Confesso o meu mais profundo desprezo pelos profissionais das “queixas”, da “falta de condições”, da “desmotivação”. Talvez porque desde cedo me ensinaram que, logo que nascemos, os deveres suplantam em muito os direitos, tanto mais quanto com mais privilégios viemos a este mundo; talvez porque sempre ache que os bons profissionais, os que “valem a pena”, se distinguem exactamente por serem capazes do melhor nas piores condições, criando eles próprios a capacidade de as modificar, agindo e reagindo sobre e a elas; talvez porque seja de opinião que a motivação se encontra sempre, de modo suficiente, na tarefa que temos para cumprir, e que, independentemente de salário, pagamento ou condições, o objectivo é, em si mesmo, incentivo suficiente, mesmo que, aqui e ali, um sentimento fugaz de desespero, logo ultrapassado, teime em nos sobressaltar. Pior, muito pior, quando essas “queixas” e “desmotivação” vêm de orgãos de soberania (que deviam dar o exemplo), como é o caso da magistratura; muito mau, ainda, quando a sua origem está nas forças de segurança, que têm por função proteger o cidadãos e as instituições de acordo com a lei democrática e o bom senso (acrescento o bom senso porque este tantas vezes falta para que a lei democrática seja aplicada com probidade). E querem ainda pior? Pois quando o poder político se verga e acobarda perante as “queixas” e a “desmotivação” deste tipo de instituições, alterando objectivos e estratégia, rumos e opções, dando o dito por não dito em troca de um prato de lentilhas, um punhado de votos e um período de acalmia que, tal como o governo de “Acalmação” do Sr. D. Manuel, acaba apenas por prenunciar o fim. Parece que chamam a isto diálogo, mas não é assim que o entendo. Chamo-lhe chantagem, não tendo medo do termo, e incluídos no acto estarão sempre o chantageador (normalmente a corporação) e o chantageado (por norma o governo). Diálogo será bem outra coisa, podendo dar como exemplo os processos de negociação com vista a acordos entre empregadores e empregados (o caso Auto-Europa e o processo de concertação social dão dois bons exemplos), ou quaisquer outros em que as partes, sem deixarem de esgrimir argumentos ou abdicarem de mostrar o seu poder negocial, tenham como objectivo claro o acordo possível, atingível ou não no final.

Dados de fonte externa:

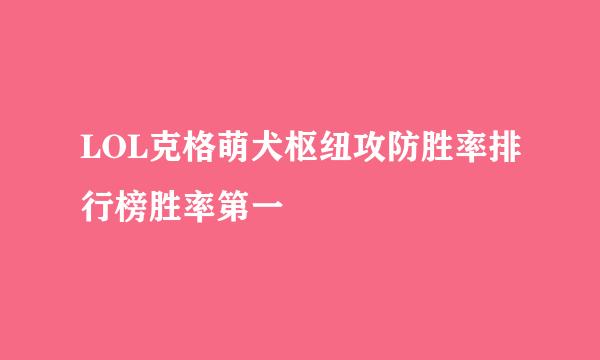 LOL克格萌犬枢纽攻防胜率排行榜胜率第一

Claro que tudo isto vem a propósito dos juízes e do tribunal da Feira, dos agricultores e do ministro dos ditos (que raio! Jaime Silva limitou-se a dizer algo que todos sabemos: que a CNA tem fortes ligações ao PCP e a CAP à direita conservadora – onde está o politicamente inconveniente ou incorrecto perante a má educação geral com que as corporações se apresentam?); do modo (no mínimo) deselegante e, aqui sim, politicamente incorrecto, como José Sócrates reagiu às declarações do seu ministro, suficiente desleal para que muitos se recusassem a com ele trabalhar; do subsídio das fardas da polícia e o que mais adiante estará para vir. Ao reagir do modo como o está a fazer, José Sócrates, para além de levar o seu governo por perigosos caminhos de fraqueza e abdicação da sua personalidade e estratégia políticas, está ainda a comunicar aos cidadãos sinais perigosos do que entende por norma política e social aceitável, num país já ele próprio minado pelo tráfico de influências e pela fraqueza endémica do Estado: só a chantagem é Deus e a cobardia política o seu profeta. O resultado, esse, não poderá deixar de ser catastrófico.
Nota: a propósito das fardas da polícia e dos respectivos subsídios. Foram compradas novas pistolas para a PSP. A pergunta será: seria mesmo este o investimento a fazer? Quantas vezes na vida um polícia tem efectiva necessidade de usar a sua arma (e muitas vezes, infelizmente, usa-a mal, de forma inadequada e indigna de uma polícia civil e democrática). Ela não funciona, fundamentalmente, como um elemento dissuasor? Não é verdade que existem Polícias, em países de maior criminalidade, que nem sequer andam armados? Não teria sido melhor investir em outras áreas (fardamento, treino, desenvolvimento de técnicas de investigação, melhoria de policiamento, etc) em vez de num novo “brinquedo”? Fica a pergunta. Será que alguma vez algum decisor a fez?